Discussion Zen 5 Speculation (EPYC Turin and Strix Point/Granite Ridge - Ryzen 9000)

DisEnchantment · Sep 29, 2022

Speculate at will

static shock · Jul 8, 2024

Ryzen 9 9950x 50% ipc increase over 7950x.

SarahKerrigan · Jul 8, 2024

Nothingness said:
Do you realize that'd mean all legacy code would need recompilation to be fast on Zen5?

That's not how things work. And that's why OoOE is required to have a fast CPU (until things change dramatically in the HW/SW space...): to let a beefed up core benefit from its extra ressources without having to recompile everything. And all modern CPU are good at that.

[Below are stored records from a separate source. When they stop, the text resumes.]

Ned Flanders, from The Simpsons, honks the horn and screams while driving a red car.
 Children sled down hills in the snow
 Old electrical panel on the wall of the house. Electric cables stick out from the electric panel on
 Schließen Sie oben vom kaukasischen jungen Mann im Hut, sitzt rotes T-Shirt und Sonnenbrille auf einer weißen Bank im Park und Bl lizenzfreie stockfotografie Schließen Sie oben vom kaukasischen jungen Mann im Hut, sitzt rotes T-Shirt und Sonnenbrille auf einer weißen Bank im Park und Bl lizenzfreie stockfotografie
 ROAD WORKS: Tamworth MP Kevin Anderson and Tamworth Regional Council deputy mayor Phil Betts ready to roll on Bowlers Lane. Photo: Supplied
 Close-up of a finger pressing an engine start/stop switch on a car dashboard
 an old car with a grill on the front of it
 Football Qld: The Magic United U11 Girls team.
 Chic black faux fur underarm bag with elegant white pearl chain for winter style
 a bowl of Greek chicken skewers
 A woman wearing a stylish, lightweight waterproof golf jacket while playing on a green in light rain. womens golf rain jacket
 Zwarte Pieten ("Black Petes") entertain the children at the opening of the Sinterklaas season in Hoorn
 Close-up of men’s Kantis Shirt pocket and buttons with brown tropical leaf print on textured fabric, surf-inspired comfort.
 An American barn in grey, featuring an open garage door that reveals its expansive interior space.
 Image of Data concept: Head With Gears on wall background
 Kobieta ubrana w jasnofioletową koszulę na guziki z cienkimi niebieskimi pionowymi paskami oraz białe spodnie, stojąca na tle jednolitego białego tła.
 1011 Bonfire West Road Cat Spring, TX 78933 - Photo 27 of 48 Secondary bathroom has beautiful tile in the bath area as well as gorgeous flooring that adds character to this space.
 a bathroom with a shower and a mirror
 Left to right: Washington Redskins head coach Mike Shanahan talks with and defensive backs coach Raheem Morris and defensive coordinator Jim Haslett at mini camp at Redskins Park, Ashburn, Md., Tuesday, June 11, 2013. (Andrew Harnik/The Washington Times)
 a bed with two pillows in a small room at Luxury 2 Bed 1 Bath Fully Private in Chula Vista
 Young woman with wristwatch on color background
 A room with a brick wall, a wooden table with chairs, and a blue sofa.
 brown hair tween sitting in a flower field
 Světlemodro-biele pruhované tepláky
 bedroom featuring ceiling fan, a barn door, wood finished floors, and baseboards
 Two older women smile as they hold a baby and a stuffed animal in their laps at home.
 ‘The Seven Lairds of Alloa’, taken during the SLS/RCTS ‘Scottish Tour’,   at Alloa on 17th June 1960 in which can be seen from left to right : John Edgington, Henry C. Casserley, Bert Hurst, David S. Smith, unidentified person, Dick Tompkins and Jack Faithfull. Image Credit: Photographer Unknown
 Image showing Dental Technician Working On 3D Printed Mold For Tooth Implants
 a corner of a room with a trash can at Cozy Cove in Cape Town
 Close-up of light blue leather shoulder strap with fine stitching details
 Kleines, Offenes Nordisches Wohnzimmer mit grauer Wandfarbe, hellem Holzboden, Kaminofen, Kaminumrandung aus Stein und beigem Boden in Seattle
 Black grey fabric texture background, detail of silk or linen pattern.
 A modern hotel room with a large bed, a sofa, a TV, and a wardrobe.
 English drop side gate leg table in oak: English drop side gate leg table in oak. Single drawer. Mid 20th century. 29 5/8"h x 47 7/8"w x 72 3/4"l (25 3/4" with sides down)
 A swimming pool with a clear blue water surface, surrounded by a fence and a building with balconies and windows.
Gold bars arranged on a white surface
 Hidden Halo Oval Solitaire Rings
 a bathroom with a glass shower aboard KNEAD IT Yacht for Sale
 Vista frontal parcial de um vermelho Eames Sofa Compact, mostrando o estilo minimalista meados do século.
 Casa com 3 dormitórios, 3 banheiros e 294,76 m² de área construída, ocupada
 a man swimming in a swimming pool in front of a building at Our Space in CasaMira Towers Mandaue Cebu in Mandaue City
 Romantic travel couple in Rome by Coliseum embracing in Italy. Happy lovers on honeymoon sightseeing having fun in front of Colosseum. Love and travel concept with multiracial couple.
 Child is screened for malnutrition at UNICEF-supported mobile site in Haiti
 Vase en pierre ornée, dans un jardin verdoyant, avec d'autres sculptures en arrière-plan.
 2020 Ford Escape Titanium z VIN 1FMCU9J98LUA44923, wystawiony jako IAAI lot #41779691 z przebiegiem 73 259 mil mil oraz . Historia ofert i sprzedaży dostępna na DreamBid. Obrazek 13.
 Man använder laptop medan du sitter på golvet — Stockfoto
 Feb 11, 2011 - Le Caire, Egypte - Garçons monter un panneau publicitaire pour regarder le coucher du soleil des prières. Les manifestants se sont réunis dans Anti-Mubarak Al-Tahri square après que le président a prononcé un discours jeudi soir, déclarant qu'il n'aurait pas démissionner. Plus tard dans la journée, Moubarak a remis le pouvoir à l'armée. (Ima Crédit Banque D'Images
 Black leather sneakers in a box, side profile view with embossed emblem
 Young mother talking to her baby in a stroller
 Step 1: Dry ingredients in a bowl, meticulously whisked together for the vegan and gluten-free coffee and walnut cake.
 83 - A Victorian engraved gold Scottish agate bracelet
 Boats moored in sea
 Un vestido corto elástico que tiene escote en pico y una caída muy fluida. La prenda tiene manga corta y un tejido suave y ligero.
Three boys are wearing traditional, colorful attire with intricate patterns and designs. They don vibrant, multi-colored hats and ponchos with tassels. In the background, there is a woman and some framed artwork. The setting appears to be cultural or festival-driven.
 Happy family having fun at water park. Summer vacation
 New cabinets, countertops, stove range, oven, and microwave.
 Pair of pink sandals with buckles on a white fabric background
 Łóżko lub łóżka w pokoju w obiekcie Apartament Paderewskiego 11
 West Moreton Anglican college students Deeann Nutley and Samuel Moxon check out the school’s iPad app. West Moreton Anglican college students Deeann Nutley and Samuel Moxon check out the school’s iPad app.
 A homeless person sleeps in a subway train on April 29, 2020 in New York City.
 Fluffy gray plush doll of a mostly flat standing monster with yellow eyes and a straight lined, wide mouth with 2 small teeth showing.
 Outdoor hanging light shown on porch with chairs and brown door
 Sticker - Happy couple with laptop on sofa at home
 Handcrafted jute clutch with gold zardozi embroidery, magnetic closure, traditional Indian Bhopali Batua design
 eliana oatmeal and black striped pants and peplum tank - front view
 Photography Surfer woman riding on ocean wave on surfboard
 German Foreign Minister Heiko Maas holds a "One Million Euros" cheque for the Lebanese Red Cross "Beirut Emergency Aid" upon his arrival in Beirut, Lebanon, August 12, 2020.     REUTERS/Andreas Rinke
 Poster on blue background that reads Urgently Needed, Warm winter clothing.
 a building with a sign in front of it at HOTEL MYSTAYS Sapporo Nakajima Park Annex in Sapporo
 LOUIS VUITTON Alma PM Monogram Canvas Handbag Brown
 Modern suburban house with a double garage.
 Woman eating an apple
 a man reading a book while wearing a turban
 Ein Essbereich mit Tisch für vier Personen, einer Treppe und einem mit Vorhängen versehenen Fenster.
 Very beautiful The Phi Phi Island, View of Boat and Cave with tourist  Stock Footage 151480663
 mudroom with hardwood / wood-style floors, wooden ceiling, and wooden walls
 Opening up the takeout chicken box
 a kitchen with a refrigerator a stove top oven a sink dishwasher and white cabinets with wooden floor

I can't remember when was the last time, recompiling with instruction scheduling for native CPU brought any significant speedup (>2%, that is not in measurement noise) for code I run. Of course native instruction selection is a different story but that doesn't apply to clang.

This.

Uarch-specific machine models buy effectively nothing on modern general-purpose CPUs. They don't actively hurt, and sometimes help a tiny bit, but it's geerally insignificant.

Anyone hoping for non-trivial gains on Zen5 from compilers getting a machine model is likely to be disappointed.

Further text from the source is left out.